Look below for the line that has "West Elm Custom". Set down the lines from there through the line that has "A glowing white", exactly as written.

(Web page caption snippets)

▽

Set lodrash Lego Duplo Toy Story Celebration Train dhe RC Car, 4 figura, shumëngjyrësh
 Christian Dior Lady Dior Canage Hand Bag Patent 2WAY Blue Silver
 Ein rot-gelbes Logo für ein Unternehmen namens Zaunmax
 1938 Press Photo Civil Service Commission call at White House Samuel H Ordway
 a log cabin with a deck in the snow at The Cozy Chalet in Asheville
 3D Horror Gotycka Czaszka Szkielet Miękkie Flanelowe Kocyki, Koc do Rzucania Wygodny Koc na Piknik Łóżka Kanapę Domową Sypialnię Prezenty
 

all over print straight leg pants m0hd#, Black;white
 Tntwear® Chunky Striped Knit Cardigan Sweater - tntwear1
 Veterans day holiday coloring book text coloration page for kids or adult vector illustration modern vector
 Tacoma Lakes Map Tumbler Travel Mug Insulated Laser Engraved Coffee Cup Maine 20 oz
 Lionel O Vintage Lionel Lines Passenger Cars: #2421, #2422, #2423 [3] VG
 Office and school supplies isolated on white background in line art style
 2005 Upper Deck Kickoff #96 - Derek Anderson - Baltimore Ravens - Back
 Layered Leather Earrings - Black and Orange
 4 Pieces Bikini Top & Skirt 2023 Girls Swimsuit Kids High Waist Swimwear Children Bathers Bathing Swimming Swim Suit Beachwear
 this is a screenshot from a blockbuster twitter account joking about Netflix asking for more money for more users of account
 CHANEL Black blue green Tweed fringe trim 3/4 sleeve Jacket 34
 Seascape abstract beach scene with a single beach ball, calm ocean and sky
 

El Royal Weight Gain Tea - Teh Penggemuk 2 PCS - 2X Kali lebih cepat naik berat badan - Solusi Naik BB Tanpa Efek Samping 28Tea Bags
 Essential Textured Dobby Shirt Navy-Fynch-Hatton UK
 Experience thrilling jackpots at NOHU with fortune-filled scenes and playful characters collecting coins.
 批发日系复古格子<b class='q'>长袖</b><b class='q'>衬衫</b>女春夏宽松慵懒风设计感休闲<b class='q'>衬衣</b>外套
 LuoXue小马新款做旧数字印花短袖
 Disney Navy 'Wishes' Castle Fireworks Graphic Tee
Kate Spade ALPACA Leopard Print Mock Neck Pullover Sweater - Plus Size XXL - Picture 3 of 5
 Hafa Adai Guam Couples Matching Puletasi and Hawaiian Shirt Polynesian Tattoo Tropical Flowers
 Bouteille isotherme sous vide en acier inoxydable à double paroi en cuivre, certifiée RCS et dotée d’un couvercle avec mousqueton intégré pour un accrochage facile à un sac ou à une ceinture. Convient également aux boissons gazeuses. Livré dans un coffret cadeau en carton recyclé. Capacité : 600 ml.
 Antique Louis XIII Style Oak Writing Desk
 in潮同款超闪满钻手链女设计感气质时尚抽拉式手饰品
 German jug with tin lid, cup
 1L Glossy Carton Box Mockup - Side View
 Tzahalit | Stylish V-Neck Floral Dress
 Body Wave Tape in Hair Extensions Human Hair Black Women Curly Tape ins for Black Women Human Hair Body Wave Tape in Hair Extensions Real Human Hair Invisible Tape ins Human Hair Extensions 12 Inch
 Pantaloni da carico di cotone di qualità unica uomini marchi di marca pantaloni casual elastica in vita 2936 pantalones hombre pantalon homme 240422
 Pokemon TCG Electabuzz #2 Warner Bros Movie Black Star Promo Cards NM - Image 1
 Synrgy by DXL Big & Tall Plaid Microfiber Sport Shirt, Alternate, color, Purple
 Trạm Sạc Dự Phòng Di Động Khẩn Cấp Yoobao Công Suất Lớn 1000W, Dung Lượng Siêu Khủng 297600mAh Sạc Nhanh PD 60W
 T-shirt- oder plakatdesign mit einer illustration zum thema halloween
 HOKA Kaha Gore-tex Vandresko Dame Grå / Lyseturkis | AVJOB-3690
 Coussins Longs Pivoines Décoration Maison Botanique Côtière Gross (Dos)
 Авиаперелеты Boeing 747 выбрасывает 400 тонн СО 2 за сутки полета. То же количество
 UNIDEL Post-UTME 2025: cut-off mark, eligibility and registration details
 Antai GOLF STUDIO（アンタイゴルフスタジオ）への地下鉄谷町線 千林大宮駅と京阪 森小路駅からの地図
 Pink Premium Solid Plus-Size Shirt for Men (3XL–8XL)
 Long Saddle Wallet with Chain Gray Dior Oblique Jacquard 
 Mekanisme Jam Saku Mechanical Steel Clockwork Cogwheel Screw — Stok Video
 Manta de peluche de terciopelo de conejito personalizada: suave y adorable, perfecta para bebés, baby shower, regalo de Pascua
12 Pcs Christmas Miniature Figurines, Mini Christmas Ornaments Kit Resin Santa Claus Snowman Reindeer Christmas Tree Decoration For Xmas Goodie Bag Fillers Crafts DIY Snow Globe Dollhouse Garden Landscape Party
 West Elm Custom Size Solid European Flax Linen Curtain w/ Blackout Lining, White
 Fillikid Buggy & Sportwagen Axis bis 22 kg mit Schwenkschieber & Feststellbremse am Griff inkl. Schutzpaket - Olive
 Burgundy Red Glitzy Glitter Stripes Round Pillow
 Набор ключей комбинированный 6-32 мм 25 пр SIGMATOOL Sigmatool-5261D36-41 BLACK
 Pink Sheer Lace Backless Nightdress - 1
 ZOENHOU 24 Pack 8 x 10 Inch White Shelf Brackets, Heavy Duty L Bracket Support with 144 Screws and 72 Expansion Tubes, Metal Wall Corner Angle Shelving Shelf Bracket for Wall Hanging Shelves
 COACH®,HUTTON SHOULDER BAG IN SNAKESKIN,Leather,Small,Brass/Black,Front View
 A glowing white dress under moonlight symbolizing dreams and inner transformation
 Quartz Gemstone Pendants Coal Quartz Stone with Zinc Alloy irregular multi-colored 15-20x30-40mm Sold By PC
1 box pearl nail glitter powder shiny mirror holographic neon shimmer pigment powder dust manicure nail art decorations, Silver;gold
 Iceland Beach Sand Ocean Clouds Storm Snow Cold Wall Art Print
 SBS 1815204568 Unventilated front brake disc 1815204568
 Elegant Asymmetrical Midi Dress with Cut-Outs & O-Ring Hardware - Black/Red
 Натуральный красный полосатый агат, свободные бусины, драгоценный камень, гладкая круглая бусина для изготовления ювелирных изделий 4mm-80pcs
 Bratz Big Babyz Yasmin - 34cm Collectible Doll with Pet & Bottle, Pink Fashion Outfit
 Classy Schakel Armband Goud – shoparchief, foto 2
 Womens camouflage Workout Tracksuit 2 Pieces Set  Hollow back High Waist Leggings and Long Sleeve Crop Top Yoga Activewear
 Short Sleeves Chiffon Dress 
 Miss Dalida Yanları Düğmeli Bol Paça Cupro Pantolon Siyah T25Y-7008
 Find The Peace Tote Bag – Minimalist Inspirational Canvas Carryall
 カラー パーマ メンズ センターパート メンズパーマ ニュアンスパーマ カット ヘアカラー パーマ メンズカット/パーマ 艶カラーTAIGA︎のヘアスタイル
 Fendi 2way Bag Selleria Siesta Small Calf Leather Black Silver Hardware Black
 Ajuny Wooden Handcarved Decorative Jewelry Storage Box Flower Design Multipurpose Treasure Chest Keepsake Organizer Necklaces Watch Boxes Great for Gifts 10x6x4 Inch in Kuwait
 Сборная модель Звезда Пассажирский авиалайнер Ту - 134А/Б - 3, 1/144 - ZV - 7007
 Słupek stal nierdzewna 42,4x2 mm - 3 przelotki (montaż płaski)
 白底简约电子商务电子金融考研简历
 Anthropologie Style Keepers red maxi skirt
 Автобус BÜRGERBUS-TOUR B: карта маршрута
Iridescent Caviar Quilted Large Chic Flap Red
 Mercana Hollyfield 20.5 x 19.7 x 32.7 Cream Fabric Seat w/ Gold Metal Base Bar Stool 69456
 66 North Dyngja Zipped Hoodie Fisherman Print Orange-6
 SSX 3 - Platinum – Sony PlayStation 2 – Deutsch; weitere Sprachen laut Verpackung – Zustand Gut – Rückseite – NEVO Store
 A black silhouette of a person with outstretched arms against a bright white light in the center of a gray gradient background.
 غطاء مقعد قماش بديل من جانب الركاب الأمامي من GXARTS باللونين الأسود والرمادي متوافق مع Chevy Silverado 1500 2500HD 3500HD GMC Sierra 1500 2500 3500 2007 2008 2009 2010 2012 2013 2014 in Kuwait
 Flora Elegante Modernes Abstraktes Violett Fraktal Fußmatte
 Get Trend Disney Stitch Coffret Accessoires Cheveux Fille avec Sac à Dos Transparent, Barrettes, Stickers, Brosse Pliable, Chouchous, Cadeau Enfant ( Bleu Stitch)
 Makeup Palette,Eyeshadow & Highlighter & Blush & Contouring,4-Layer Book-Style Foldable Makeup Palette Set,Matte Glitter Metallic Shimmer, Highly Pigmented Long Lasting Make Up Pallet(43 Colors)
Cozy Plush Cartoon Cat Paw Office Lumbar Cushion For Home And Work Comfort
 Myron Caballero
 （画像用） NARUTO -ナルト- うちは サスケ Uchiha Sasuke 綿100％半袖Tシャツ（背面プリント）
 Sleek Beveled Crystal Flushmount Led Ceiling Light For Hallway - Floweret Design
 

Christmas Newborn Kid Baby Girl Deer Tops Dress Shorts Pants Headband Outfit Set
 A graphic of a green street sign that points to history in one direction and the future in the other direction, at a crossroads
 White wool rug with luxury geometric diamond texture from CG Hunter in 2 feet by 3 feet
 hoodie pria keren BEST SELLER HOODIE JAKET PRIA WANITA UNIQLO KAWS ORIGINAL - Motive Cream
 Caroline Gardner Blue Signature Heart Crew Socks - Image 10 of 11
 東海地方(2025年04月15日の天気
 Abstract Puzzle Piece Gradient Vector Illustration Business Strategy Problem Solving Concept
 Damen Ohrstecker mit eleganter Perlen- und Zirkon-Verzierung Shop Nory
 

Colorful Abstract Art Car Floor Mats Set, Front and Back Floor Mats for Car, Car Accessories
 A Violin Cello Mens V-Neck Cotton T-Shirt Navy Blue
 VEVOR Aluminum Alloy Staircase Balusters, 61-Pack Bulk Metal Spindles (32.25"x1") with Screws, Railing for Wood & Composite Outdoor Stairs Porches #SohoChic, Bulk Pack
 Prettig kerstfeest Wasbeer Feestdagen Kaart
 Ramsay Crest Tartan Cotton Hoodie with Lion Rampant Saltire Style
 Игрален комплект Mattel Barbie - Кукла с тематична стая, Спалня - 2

△

Solution for this problem:
 West Elm Custom Size Solid European Flax Linen Curtain w/ Blackout Lining, White
 Fillikid Buggy & Sportwagen Axis bis 22 kg mit Schwenkschieber & Feststellbremse am Griff inkl. Schutzpaket - Olive
 Burgundy Red Glitzy Glitter Stripes Round Pillow
 Набор ключей комбинированный 6-32 мм 25 пр SIGMATOOL Sigmatool-5261D36-41 BLACK
 Pink Sheer Lace Backless Nightdress - 1
 ZOENHOU 24 Pack 8 x 10 Inch White Shelf Brackets, Heavy Duty L Bracket Support with 144 Screws and 72 Expansion Tubes, Metal Wall Corner Angle Shelving Shelf Bracket for Wall Hanging Shelves
 COACH®,HUTTON SHOULDER BAG IN SNAKESKIN,Leather,Small,Brass/Black,Front View
 A glowing white dress under moonlight symbolizing dreams and inner transformation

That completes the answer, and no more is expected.